MANATEE -- A new Animal Planet home-improvement series making its debut this week is out to prove, when it comes to backyard swimming pools, people in the Bradenton-Sarasota area are insane.
That's not a bad thing, especially for the guy who built them.
On Friday night, the network airs the premiere episode of "Insane Pools: Off the Deep End." That show and five others that follow weekly chronicle six construction projects undertaken by Osprey pool builder Lucas Lagoons in 2014 and early 2015.
Four pools belong to Manatee County homeowners. Two others were built in Sarasota County.

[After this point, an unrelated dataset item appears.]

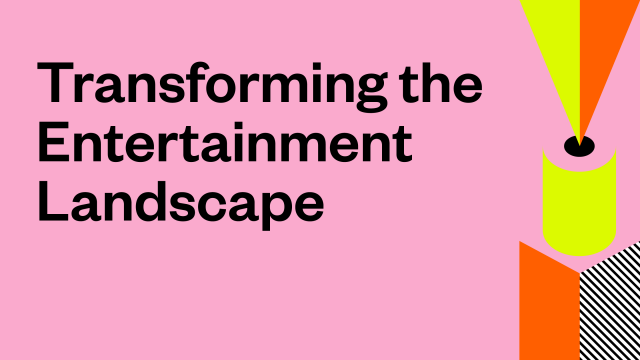 Transforming the Entertainment Landscape - 2021 SXSW Theme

Lucas Congdon, owner of Lucas Lagoons, said building his signature natural stone pools on a TV production schedule was tough.
"It was just amazingly hard," Congdon said. "Projects we usually have a month to do, we had to do in 10 days."

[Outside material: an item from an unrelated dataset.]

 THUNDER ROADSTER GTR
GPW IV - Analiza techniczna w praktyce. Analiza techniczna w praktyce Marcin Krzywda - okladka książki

For Lucas Lagoons, and several other local companies profiled briefly in the episodes, "Insane Pools" is a product placement coup.

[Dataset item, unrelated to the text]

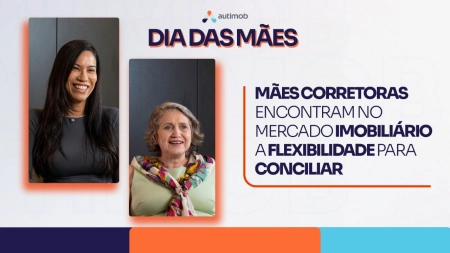 Mães corretoras encontram no mercado imobiliário a flexibilidade para conciliar carreira e família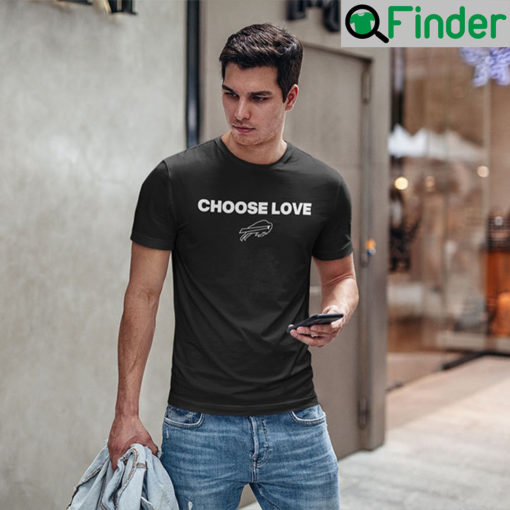 Choose Love Buffalo Bill T Shirt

Picked up for the series on the strength of YouTube videos Congdon and his crew have posted online for years, and through the efforts of a public relations firm and a production company to sell the idea, "Insane Pools" joins the Animal Planet program lineup as a prime-time companion to the network's established "Treehouse Masters" program.
Priced between $150,000 and $225,000 each, the pools reach the "insane" level solely on cost. A basic backyard swimming pool sells
for about $35,000, according to area builders.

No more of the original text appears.